Azure ADは「Active Directoryのクラウド版」ともいえるサービスなのである。ただしAzure ADではAzure ADアプリケーションプロキシという機能があり、例外的にオンプレミスとも連携できるのでその点は注意したい。さらにf5などのソリューションと組み合わせることによるオンプレミスのファイルサーバー等へのアクセスできる例外もある。

もはやコトの本質がなんだかわからなくなってしまいましたね。
だから多少の正確さを欠いたとしても文章はできるだけシンプルに
これが最初のパラグラフで注意すべき点です。

3. 第2パラグラフでは一番説明したいことを丁寧に解説

3つに分けたパラグラフの第2パラグラフはメインの部分なので、一番説明したいことを持ってきます。ここで説明したいことは「ADとAzure ADの違い」です。しかし、最初のパラグラフですでに「Azure ADはActive Directoryのクラウド版」という結論を言っているので、次のパラグラフではクラウド版になると具体的にどんな違いがあるのか?を説明しています。

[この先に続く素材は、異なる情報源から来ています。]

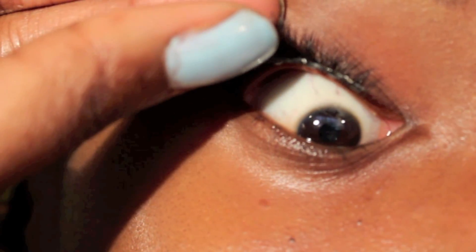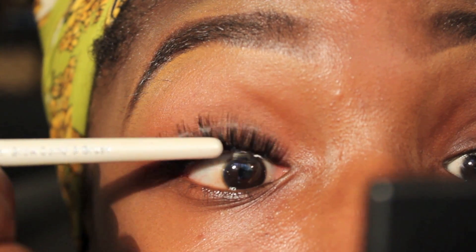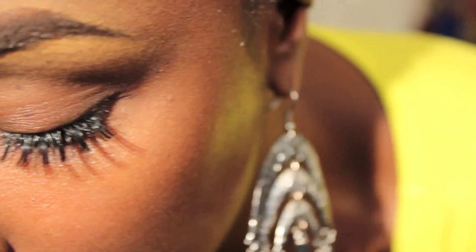Because you're placing the lash underneath the natural lash line, it is going to be invisible and you will have a seamless application.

ここでは具体的な違いを説明するためにAzure ADそのものの要素を最初に説明しています。

 Azure ADはクラウドアプリケーションに対するSSO機能を実現するが、そのためには「認証と認可」、そして多くのクラウドアプリケーションと連携できるようにするための「アプリへのアクセス」機能が求められる。

Azure ADの機能は認証・認可・アプリへのアクセスの3つだ!と言い切っています。繰り返しますが、わかりやすい文章に厳密さは不要です。そして3つの要素に分けたら、ひとつずつの要素の中の、さらに細かい要素にわけてそれぞれの要素を簡潔に説明しています。例えば、認証という要素の中にある細かな要素としてユーザー/グループの管理と多要素認証があると触れ、それぞれについてはこんな感じで説明しています。

■ユーザー/グループの管理
 認証やアクセス許可(認可)を制御するためのベースとなるユーザー/グループの管理機能を提供する。
■多要素認証
 Azure ADの認証はパスワードだけでなく、電話やSMS(ショートメッセージサービス)、ワンタイムパスワードなど、複数の要素を組み合わせて認証を行う「多要素認証」をサポートする。

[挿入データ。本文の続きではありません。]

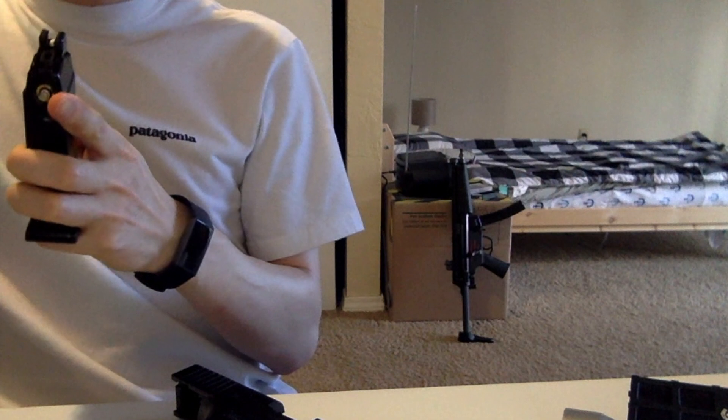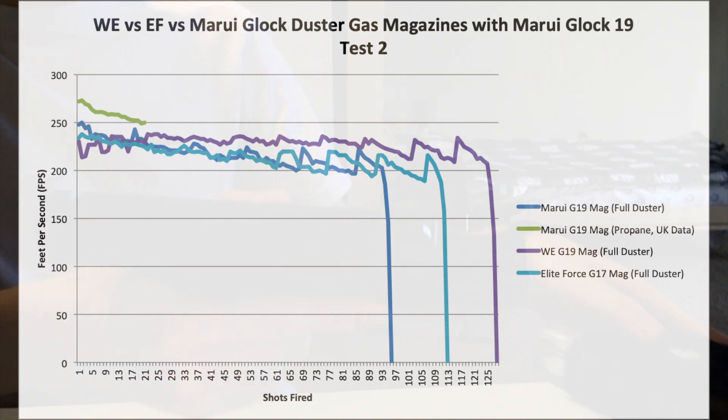I also took those same magazines and compared them with different G19 magazines and a G17 magazine — a little bit larger in terms of capacity, but there's more detail in that video. Look at the dramatic difference here: you're getting anywhere from 95 to over 100 rounds easily with duster alone. The key being that it has to be room temperature, because cold weather is a big enemy of gas in general, but especially duster gas. If you're able to keep it at room temperature, you definitely get a larger capacity compared to propane alone.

「ユーザー/グループの管理」についてはADとの違いを触れていないので特に違いはないよと暗示し、「多要素認証」については「Azure ADの認証はパスワードだけでなく...」と書き出すことで違いを説明しています。「ADでは〇〇なのに対してAzure ADでは××です」という書き方でもよかったと思いますが、同じ文章が何度も繰り返されるのが嫌だったので敢えて避けました。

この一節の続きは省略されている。